Sunday 20 December 2020

The NHS Covid Superspreader

Latest data shows that a quarter of all the people being treated for COVID, in hospital, caught it after going into hospital for some other reason. What is more, this proportion is increasing rather than falling. That means that the NHS is, perhaps, the biggest single source of COVID infection in the country, behind care homes, though a lot of the infections in care homes was itself a result of the NHS knowingly sending people with the virus back to those homes, where they then infected others. Taking into consideration the nature of the people going into hospital for other causes, and the nature of the vast majority of those dying from it, being the elderly and sick, its likely that an even larger proportion of those dying from COVID in hospital, are people who caught it in hospital. 

Let's be clear. This is a national disgrace. We pay a vast amount of money in taxes and national insurance contributions to finance the NHS. The least we should be able to ask is that it acts to protect our health. That, in contrast, the NHS, is one of the biggest spreaders of COVID, and, thereby, sources of ill-health and death should be an immediate cause of outrage.

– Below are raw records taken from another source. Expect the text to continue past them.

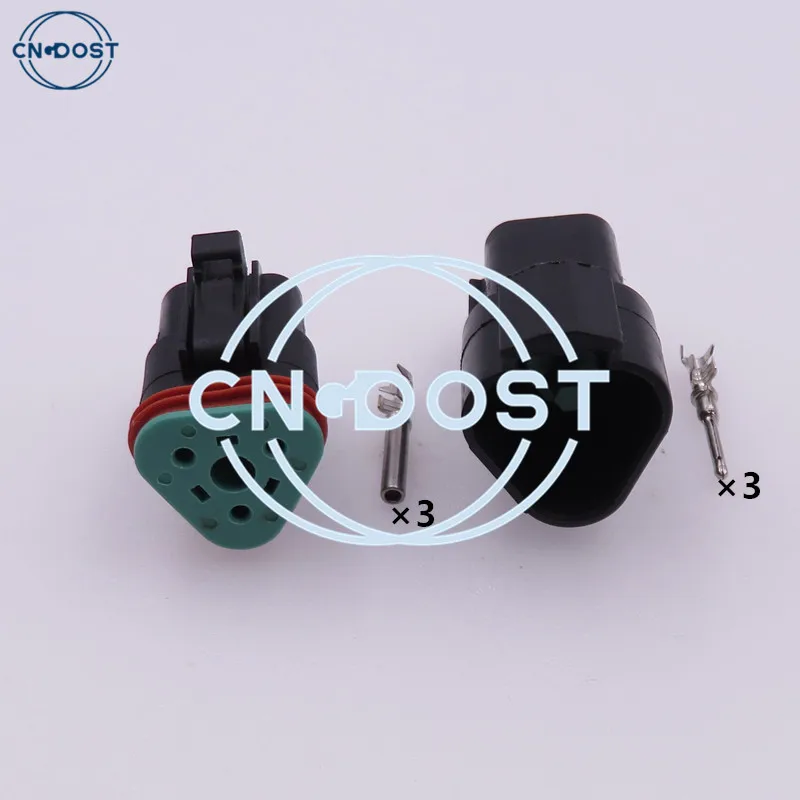 

1 Set 3 Pin AC Assembly Car Plug DT Series DT04-3P-E005 DT06-3S-E005 For Deutsch Automotive Connector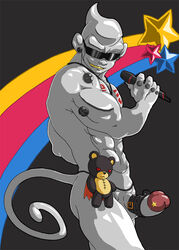 1boy 2014 5_fingers abs anthro ass bandai biceps bodybuilder bottomless digimon digimon_(species) doll ear_piercing erection eyewear gold golden_teeth grey_body grin hair humanoid_penis japanese_text kanai_(artist) large_penis leather_straps looking_at_viewer male male_only mammal metaletemon microphone monkey muscular_male necklace nude pecs penis piercing primate rainbow singer smile solo standing stars sunglasses teeth testicles text topless uncensored warumonzaemon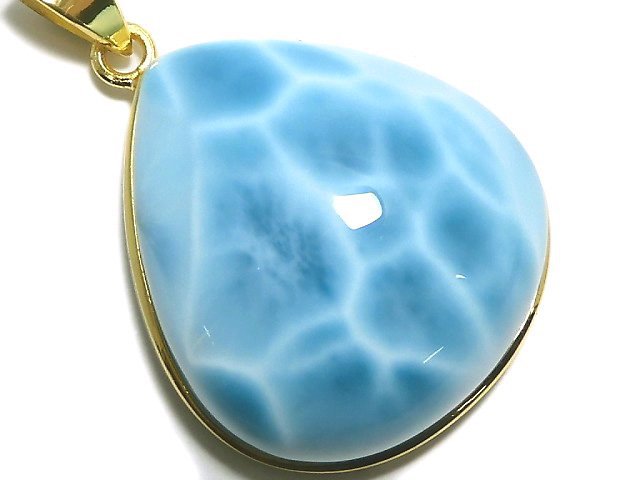 [Video][One of a kind] Larimar Pectolite AAA Pendant 18KGP NO.15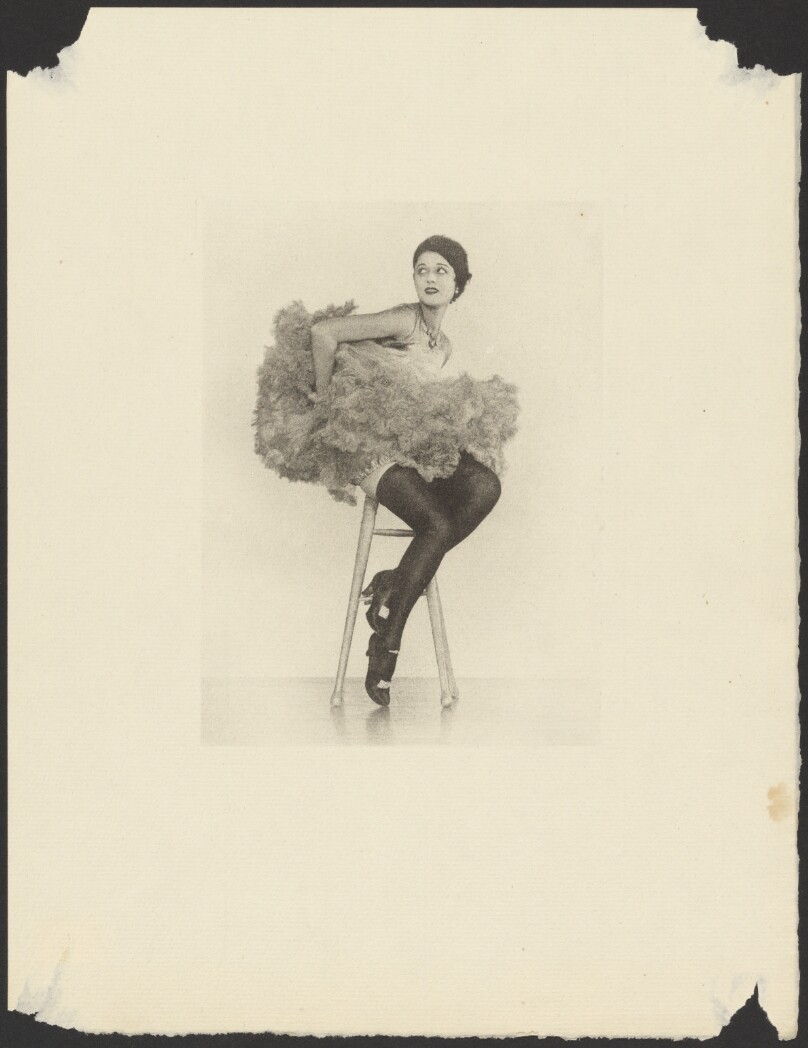 [Can Can Dancer Seated on Stool]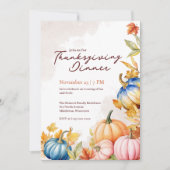 Moderner Aquarell Rosa Orange Pumpkin Erntedank Einladung (Vorderseite)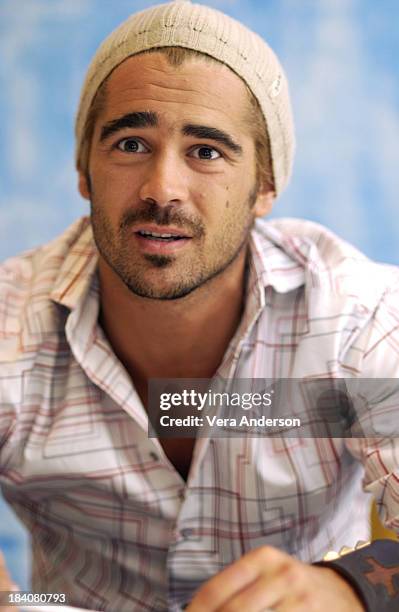 Colin Farrell during S.W.A.T. Press Conference with Colin Farrell, Samuel L. Jackson and Michelle Rodriguez at The Four Seasons Hotel in Beverly...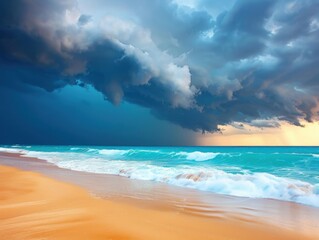 Obraz premium Stormy skies over the beach with turbulent waves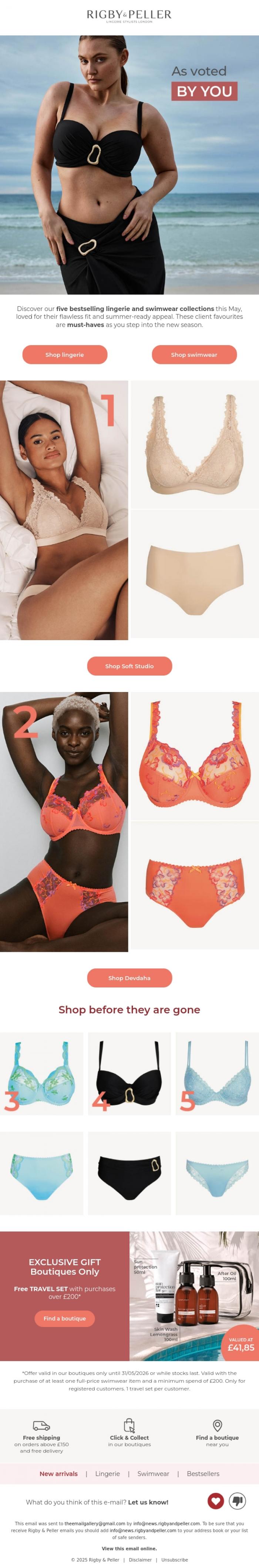 Email Design Inspiration from Marie Jo, May's bestsellers 🏆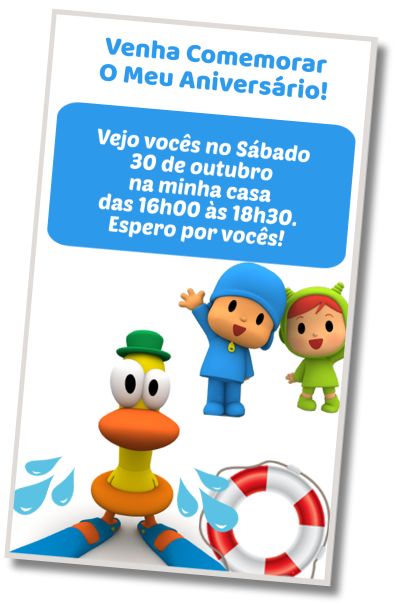 Faça um Convite Virtual Pocoyo Festa na Piscina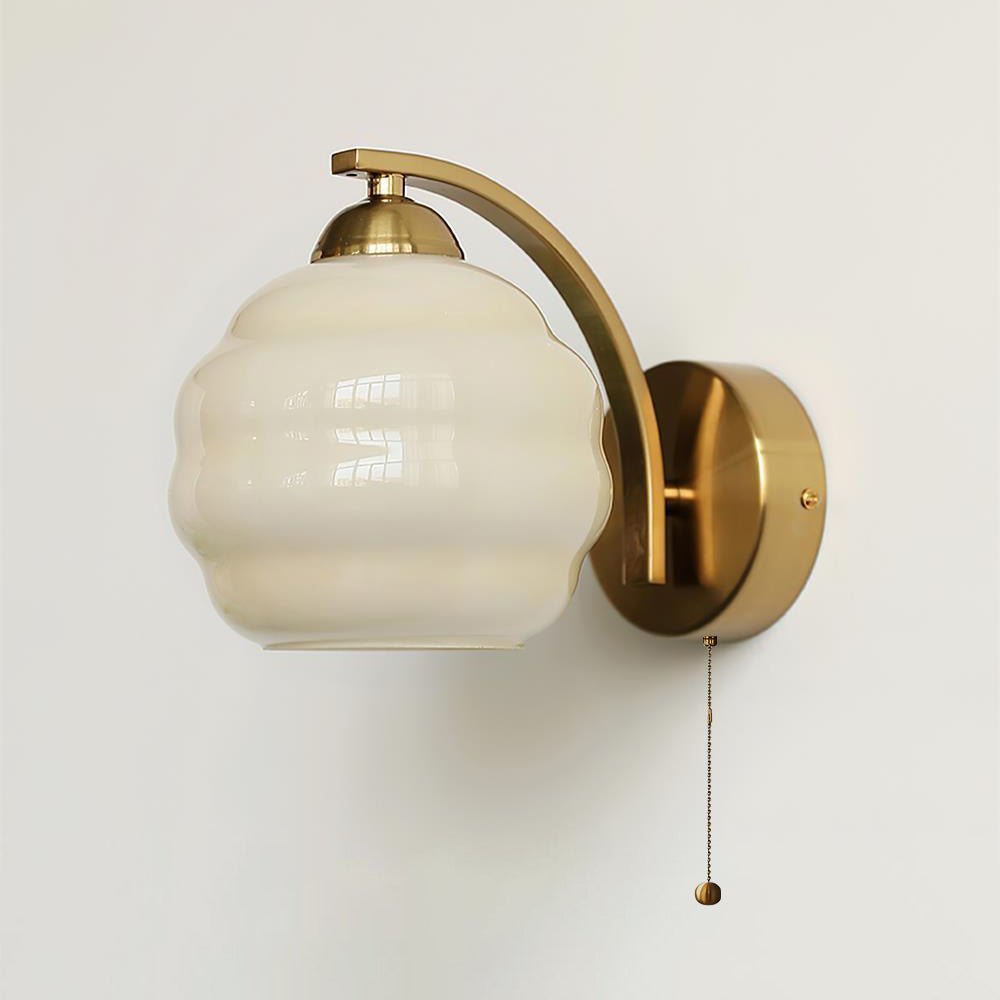 Art Deco White Glass LED Wall Sconce Gold Metal Finish 11
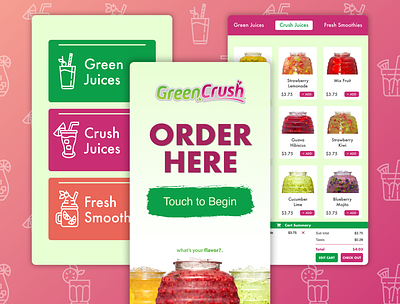 Green Crush Kiosk Concept app app design design food food app food ordering kiosk smoothie ui ux ux design
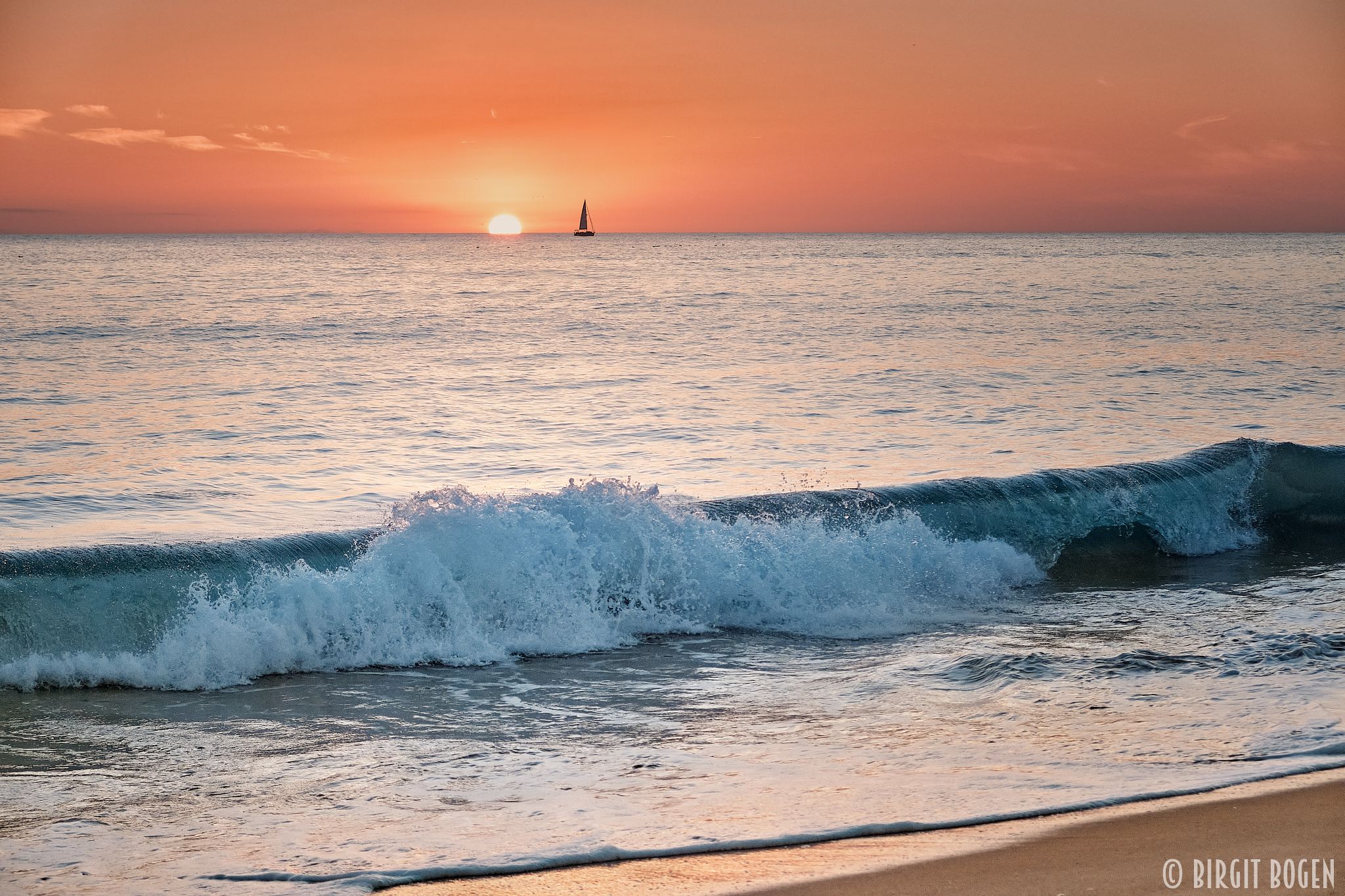 Sunset at Beach of Quinta do Lago, Portugal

Those who continue to proclaim the NHS to be "our NHS", should be deeply ashamed of themselves for presiding over such an abysmal service.  The truth is, of course, it is not "our" NHS at all, we have no control over it.  This is worse than the thousands who died, unnecessarily, several years ago, as a result of contracting MRSA after going into hospital, and even worse than the recent scandal surrounding unnecessary baby deaths at Shrewsbury Hospital. And, they are just some of the many scandals.  If the same logic was applied to the NHS as has been applied to pubs and restaurants, the government would be immediately closing it down!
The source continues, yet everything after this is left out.